# Work task
Write out precisely the lines beginning with the line that contains "Figure. (SIRPA 抗体" and ending with the last line of the entries, and no other lines.

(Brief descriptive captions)
++++
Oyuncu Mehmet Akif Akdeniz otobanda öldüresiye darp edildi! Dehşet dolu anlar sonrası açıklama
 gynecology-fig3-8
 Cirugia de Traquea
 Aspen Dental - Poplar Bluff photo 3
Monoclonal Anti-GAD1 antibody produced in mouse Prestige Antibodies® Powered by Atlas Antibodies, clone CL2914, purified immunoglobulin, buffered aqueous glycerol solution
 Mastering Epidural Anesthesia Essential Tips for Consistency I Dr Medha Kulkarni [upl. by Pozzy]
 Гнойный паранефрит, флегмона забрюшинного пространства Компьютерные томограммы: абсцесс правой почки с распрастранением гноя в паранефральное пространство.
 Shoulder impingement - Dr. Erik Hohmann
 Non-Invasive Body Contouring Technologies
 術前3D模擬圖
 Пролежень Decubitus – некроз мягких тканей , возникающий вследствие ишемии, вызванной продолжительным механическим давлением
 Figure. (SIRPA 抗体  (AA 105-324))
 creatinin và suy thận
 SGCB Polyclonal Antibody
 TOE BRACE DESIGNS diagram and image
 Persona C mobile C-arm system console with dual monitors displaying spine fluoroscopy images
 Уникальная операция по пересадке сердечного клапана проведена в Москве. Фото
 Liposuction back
++++
# Response for this exercise
 Figure. (SIRPA 抗体  (AA 105-324))
 creatinin và suy thận
 SGCB Polyclonal Antibody
 TOE BRACE DESIGNS diagram and image
 Persona C mobile C-arm system console with dual monitors displaying spine fluoroscopy images
 Уникальная операция по пересадке сердечного клапана проведена в Москве. Фото
 Liposuction back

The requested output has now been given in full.